Hello, im currently working on my brothers computer and im having problems connecting the front panel speaker and microphone jacks to the motherboard. Im confused where to place the connectors on which pins. Any help would be awesome.
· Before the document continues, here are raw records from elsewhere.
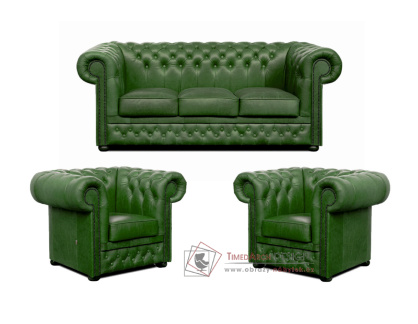 CHESTERFIELD LORD, sedací souprava 3+1+1, kůže zelená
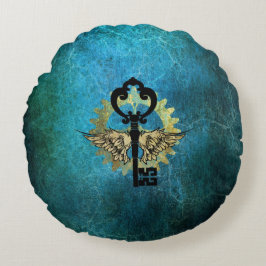 スティームパンクウィング鍵&コグホイールデザイン ラウンドクッション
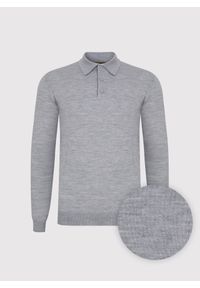 Pako Lorente - PAKO LORENTE – Męski szary sweter z kołnierzykiem polo. Typ kołnierza: polo. Kolor: szary, niebieski. Materiał: wełna, akryl, poliamid. Wzór: melanż. Sezon: jesień, zima #3
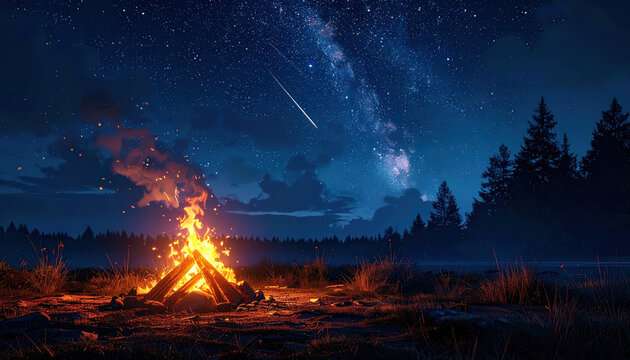 Small bonfire glowing in the night dark sky outdoor scene tranquil environment atmospheric mood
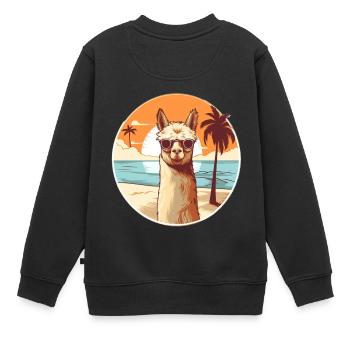 Lama am Strand mit Sonnenbrille - Kinder Premium Organic Sweatshirt - Schwarz - Hinten - AI Model Kid Female (0cm)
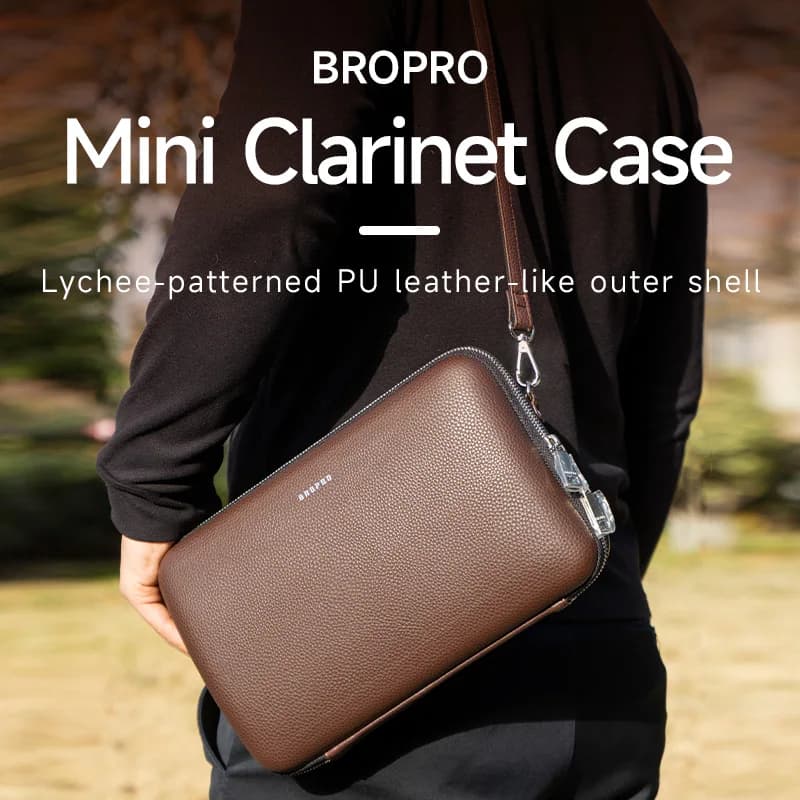 Bropro B-Flat Clarinete Bolsa de Ombro de Couro Mochila Portátil Bolsa de Armazenamento de Instrumentos Musicais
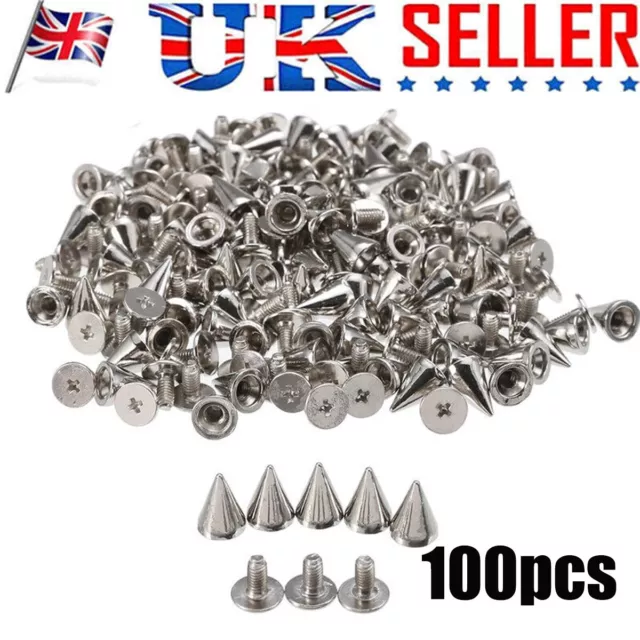 10mm 100pcs Punk Cone Spikes Screwback Studs for DIY Leather Clothing Jacket NEW
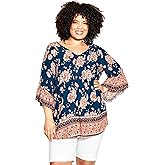 Avenue Women's Plus Size Top - Abby Pintuck Border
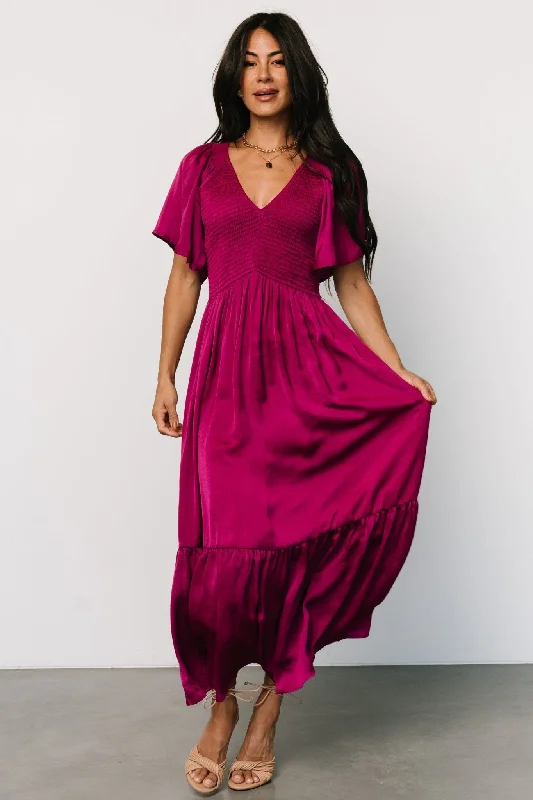 Lovell Smocked Midi Dress | Wine Berry Stretchy midi dresses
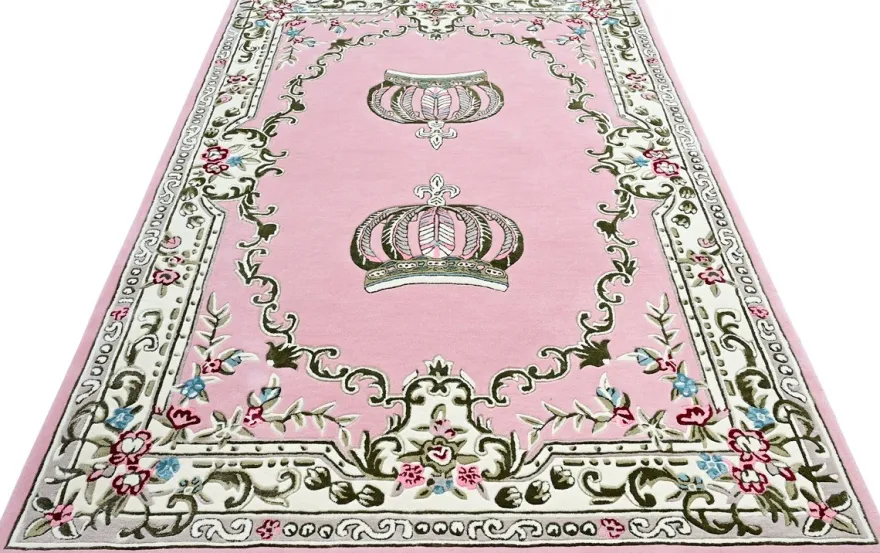 Pompöös by Casa Padrino Luxus Barock Teppich Krone von Harald Glööckler Rosa 200 x 300 cm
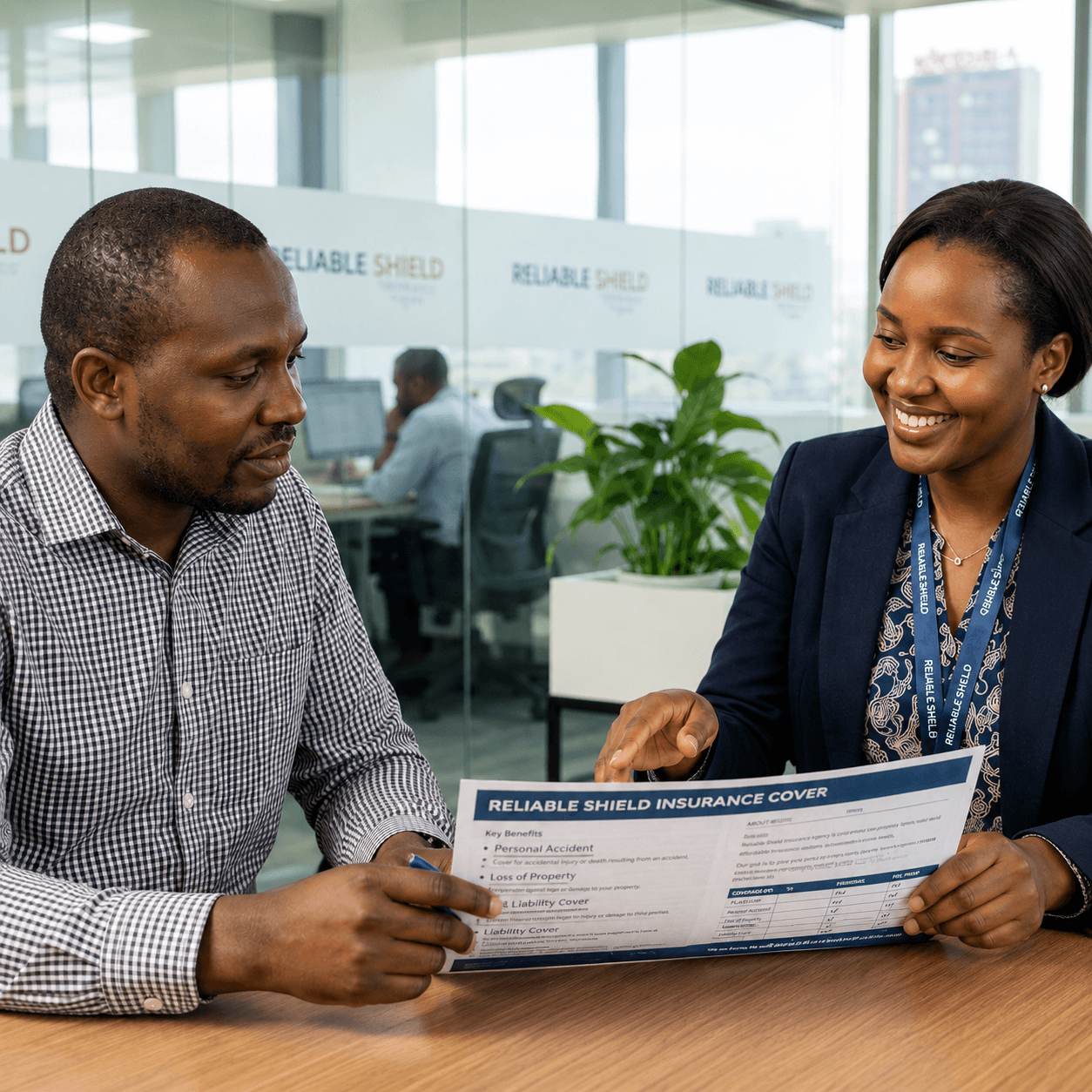 Claims team helping a client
I have a MSI RD480 Neo2 motherboard and the connectors to the front panel are as follows:
MIC IN
MIC BIAS
GROUND
SPK OUT L
SPK OUT R
RETURN L
RETURN R


----------



## h84gotten (Mar 17, 2008)

Quick addition to mobo info, im reading the manual and its telling me that the connectors need to be plugged into JAUD1. Pin Definitions are as follows:
1 PORT 1L-ANALOG PORT 1/LEFT CHANNEL
2 GND-GROUND
3 PORT 1R-ANALOG PORT 1/RIGHT CHANNEL
4 PRESENCE#-ACTIVE LOW SIGNAL
5 PORT 2R-ANALOG PORT 2/RIGHT CHANNEL
6 SENSE1_RETURN-JACK DETECTION RETURN FROM FRONT PANEL JACK1
7 SENSE_SEND-JACK DETECTION SENSE LINE
8 KEY-CONNECTOR KEY
9 PORT 2L-ANALOG PORT 2/LEFT CHANNEL
10 SENSE2_RETURN-JACK DETECTION RETURN FROM FRONT PANEL JACK2


----------



## prudhoc1 (Jan 24, 2008)

Here is something easier, go online and find your mobo book if you dont already have it and it will give you a pic on which way to connect it, it's much easier.


----------